« Là encore se tapira Lilith, elle trouvera le repos ». Ainsi présente la Bible de Jérusalem la première femme d’Adam, figure démoniaque car créée par de l’argile et non d’une côte de son époux comme Eve. Pour les féministes, c’est aussi une femme libre. Margaux Pastor a choisi d’utiliser ce pseudonyme pour présenter son oeuvre photographique du boudoir. Rencontre.
– Qui étais-tu avant d’être photographe?
J’adorais dessiner, écrire, être spectatrice au théâtre, à l’opéra,… mais une carrière artistique ne me semblait pas un métier d’avenir. Cela m’était souvent présenté comme une voie de garage. Je mettais donc mes rêves de côté.

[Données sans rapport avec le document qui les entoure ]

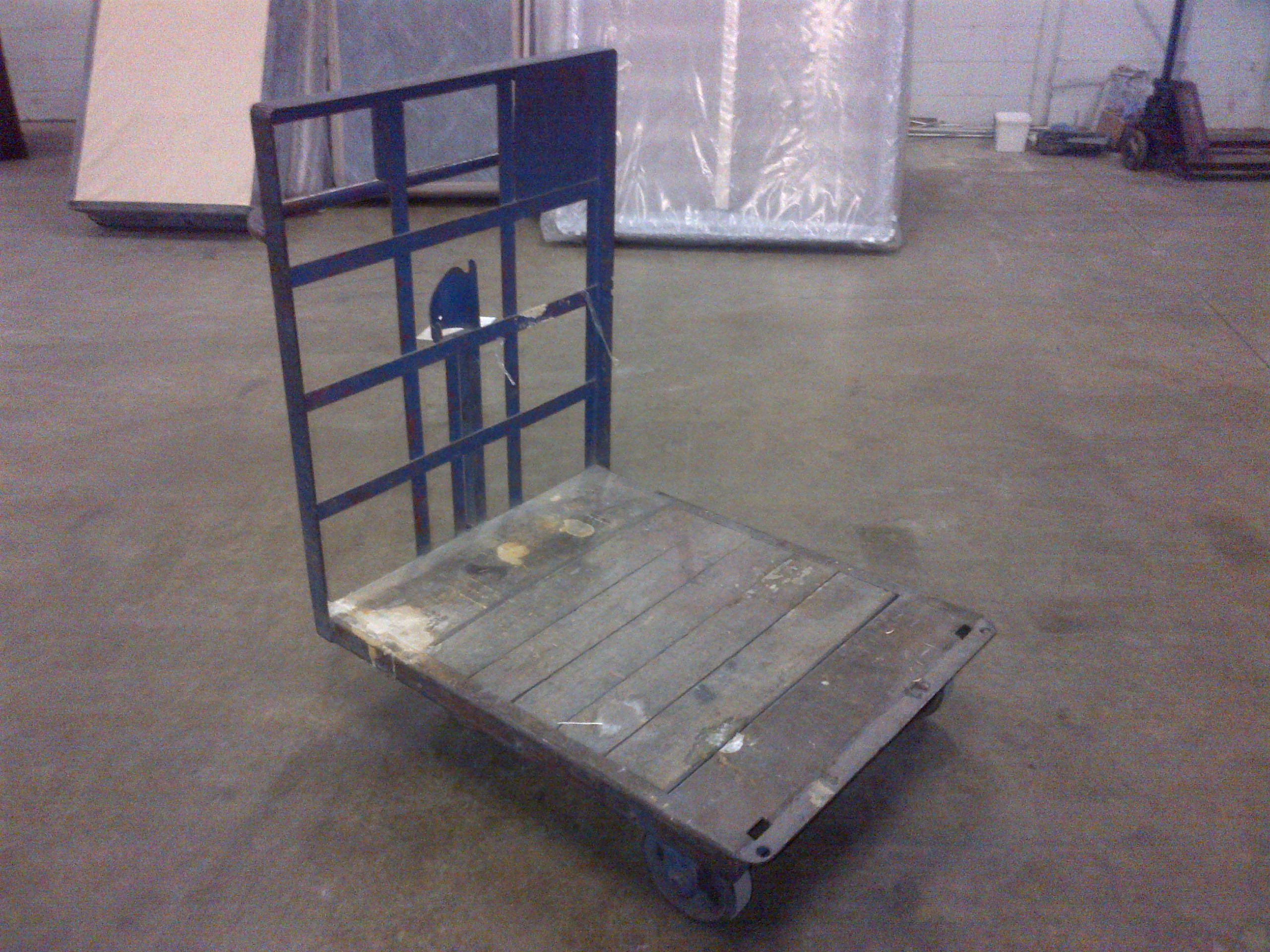 Used Carts Material Handling And Warehouse Equipment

Après des études à Sciences po spécialité Union européenne, j’ai mis du temps à trouver ma voie. Je n’étais pas passionnée par mon cursus mais cela m’a appris à structurer ma pensée. A la fin de mes études, je n’arrivais pas à trouver d’emploi, je suis arrivée à Paris avec pour seules ressources le RSA. Pendant des mois, je ne savais plus quoi faire de ma vie. J’ai
enchaîné les petits boulots mais moralement j’étais au plus bas. Fin 2013, j’ai gagné un concours de photo. Une petite bonne nouvelle! Mon compagnon et ma mère m’ont alors encouragée à approfondir dans ce domaine. Ils m’ont offert un appareil photo et des cours. Mes professeurs aimaient mon travail. Avec le statut d’auto entrepreneure, j’ai décidé de me lancer. Je ne connaissais personne, j’ai crée mon propre site internet, un book tout en militant dans le milieu féministe. J’ai notamment réalisé une série de photos sur les 40 ans de l’IVG. Motivé, on peut faire beaucoup de choses et la photographie m’a sauvée. Je travaille essentiellement pour des mariages ou des portraits. Même si certaines femmes me payent, je fais surtout des photos boudoir pour le plaisir.

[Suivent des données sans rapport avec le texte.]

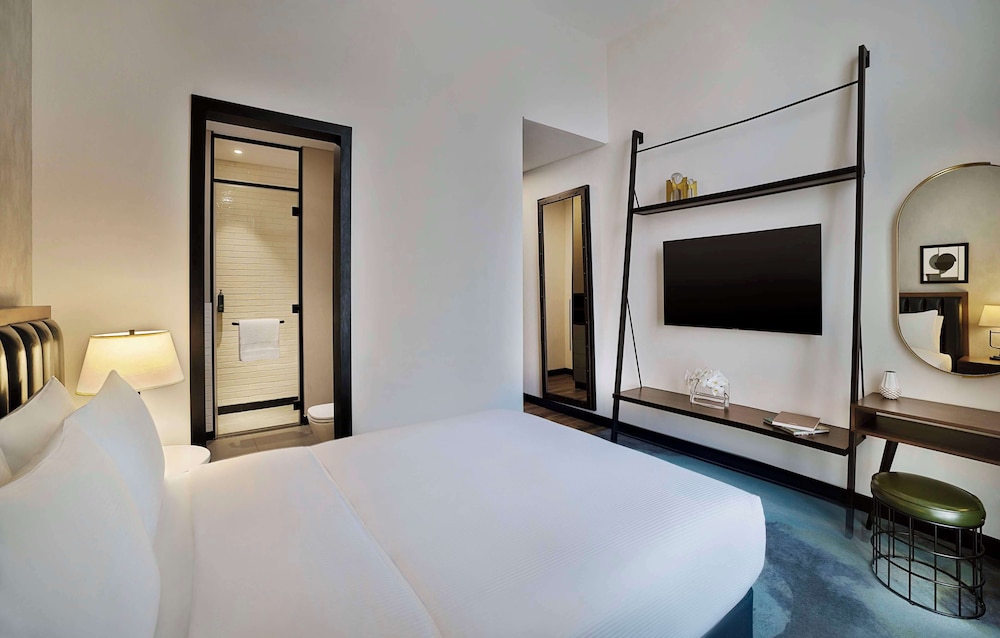 DoubleTree by Hilton Dubai M Square Hotel & Residences — Hotel rooms in Dubai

– Quel appareil photo tu utilises principalement?
Nikon D750 avec des objectifs tels que du 50 mm, 300 mm, 35 mm. Je retouche très peu les photos.
– Pourquoi avoir choisi le nom de Lilith?
C’est un choix feministe. Lilith est le personnage le plus intéressant, celle qui n’a pas voulu se soumettre. Je ne la vois pas comme démoniaque mais comme le symbole de la femme qui s’assume.
– Qu’apporte selon toi la photographique érotique féminin? Le bain, la douche, les tatouages reviennent souvent dans ton travail. Le sujet principal est-il l’intimité?
Oui. Ce genre photographique vient des Etats-Unis et est appelé l’Intimate lifestyle. C’est simple et non vulgaire.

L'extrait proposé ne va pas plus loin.